In the entries below, find the line with "Certified 2024 Chevrolet" and the line with "Louis Vuitton Sac", then retype both and everything between them exactly. Do not copy the pictures.

● **DATA**
★ ★ ★ ★

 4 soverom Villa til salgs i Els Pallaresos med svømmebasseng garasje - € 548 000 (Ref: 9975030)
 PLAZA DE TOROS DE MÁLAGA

★ ★ ★ ★

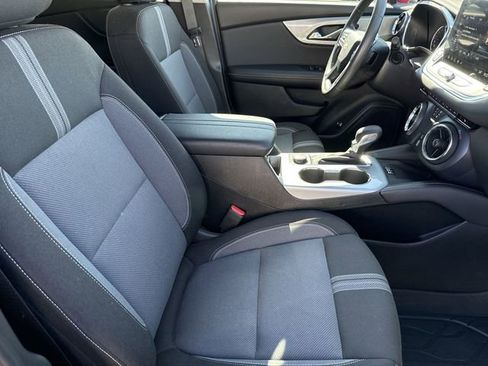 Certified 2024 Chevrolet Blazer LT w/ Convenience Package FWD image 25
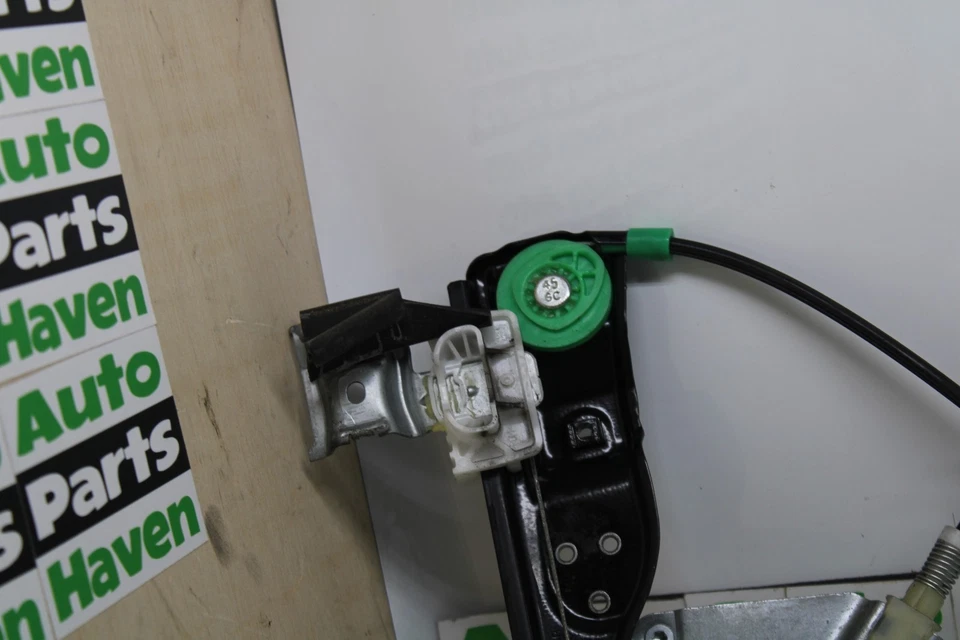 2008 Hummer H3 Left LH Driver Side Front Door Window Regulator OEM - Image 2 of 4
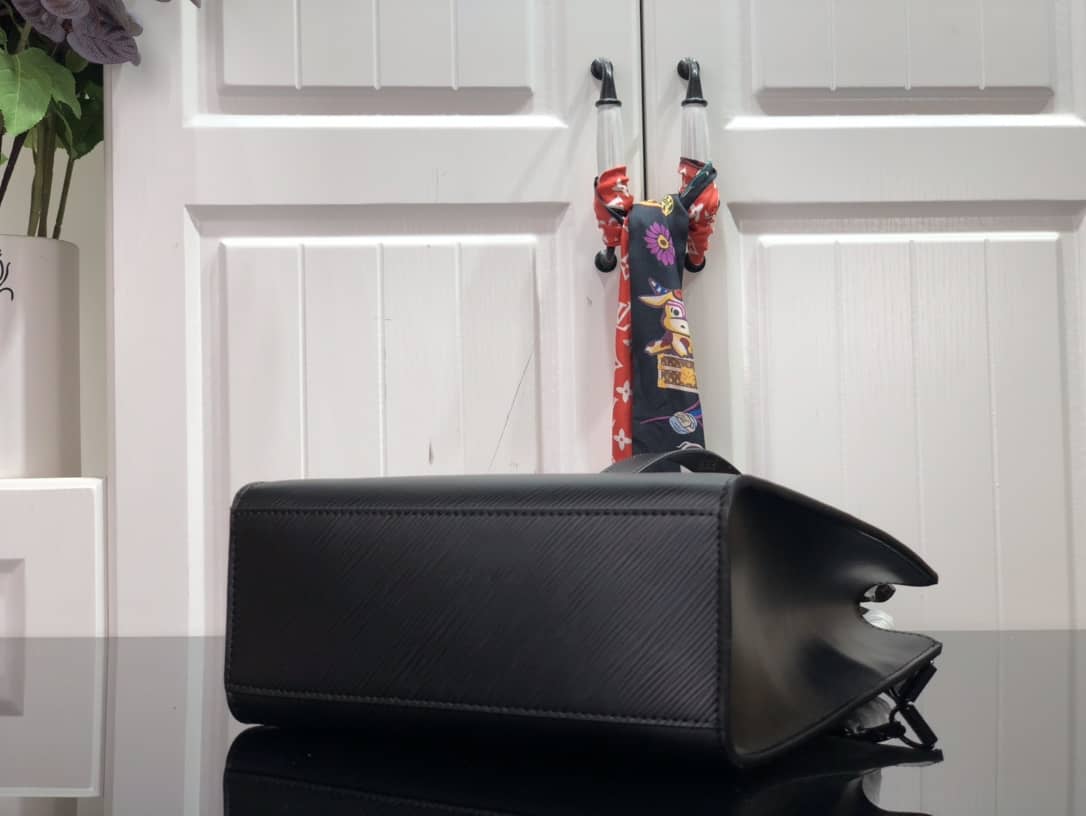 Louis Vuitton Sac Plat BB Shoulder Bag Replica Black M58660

★ ★ ★ ★

● **FINISHED EXERCISE**
 Certified 2024 Chevrolet Blazer LT w/ Convenience Package FWD image 25
 2008 Hummer H3 Left LH Driver Side Front Door Window Regulator OEM - Image 2 of 4
 Louis Vuitton Sac Plat BB Shoulder Bag Replica Black M58660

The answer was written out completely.